Published online by Cambridge University Press: 05 September 2012
In the years after the First World War, democratic revisionists waged a war for the soul and the future of the international socialist movement. Confronted with an exhausted orthodox Marxism and a rising radical right, the sharpest revisionists developed a new strategy for the left based on state control of the market and communitarian appeals. Although these insurgents gained followers in countries across Europe, they were unable to capture control of any major socialist party on the continent. Only in Scandinavia – and particularly in Sweden – did socialists embrace the new course wholeheartedly. And it was thus only in Sweden that socialists were able to outmaneuver the radical right and cement a stable majority coalition, escaping the collapse of the left and democracy that occurred elsewhere in Europe. The key to understanding the Swedish SAP's remarkable success in the interwar years lies in the triumph of democratic revisionism several decades earlier.

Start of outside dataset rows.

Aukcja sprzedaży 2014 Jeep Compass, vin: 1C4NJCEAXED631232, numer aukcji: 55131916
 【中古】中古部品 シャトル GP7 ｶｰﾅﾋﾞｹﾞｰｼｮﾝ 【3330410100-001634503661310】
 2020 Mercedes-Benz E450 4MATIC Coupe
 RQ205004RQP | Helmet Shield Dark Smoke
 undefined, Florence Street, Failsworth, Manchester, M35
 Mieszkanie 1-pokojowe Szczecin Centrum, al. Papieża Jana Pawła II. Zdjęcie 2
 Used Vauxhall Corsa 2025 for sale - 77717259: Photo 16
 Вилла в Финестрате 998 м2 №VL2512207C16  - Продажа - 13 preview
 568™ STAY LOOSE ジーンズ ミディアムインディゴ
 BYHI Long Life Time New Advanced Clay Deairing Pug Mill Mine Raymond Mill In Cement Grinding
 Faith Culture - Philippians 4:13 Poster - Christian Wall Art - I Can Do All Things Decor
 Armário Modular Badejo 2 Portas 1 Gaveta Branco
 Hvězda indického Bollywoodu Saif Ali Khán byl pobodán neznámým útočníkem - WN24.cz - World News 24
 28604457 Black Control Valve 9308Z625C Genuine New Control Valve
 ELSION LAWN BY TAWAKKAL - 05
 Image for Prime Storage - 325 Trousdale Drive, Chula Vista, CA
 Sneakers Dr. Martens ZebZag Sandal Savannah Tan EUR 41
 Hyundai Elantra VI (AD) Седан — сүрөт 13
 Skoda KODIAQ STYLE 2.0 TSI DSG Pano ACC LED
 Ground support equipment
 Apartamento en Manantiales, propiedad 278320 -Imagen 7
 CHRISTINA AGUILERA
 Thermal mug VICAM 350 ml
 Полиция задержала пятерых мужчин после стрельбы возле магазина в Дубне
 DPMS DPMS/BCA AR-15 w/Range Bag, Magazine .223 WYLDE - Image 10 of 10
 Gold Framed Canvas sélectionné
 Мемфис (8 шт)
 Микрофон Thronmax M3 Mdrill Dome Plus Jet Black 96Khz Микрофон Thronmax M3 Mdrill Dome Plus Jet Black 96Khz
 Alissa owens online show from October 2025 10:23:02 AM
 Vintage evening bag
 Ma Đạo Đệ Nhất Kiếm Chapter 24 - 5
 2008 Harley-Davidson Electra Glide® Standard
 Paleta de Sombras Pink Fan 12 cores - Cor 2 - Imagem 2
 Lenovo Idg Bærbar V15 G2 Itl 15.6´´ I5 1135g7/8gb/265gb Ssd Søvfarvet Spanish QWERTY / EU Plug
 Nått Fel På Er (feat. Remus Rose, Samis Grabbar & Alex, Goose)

Democratic Revisionism in Sweden
From its inception, the SAP's view of Marxism was flexible and undogmatic, a stance facilitated by the party's peripheral position in the international socialist movement and by the long-term leadership of Hjalmar Branting (the SAP's leader from its founding in 1889 to his death in 1925). Branting was a democratic revisionist through and through, and, having started his career in liberal circles, his views were shaped by his continuing relationship with them; this not only allowed for extensive cooperation between socialists and liberals, but also manifested itself in Branting's conviction that socialism was the next logical step toward liberalism's completion.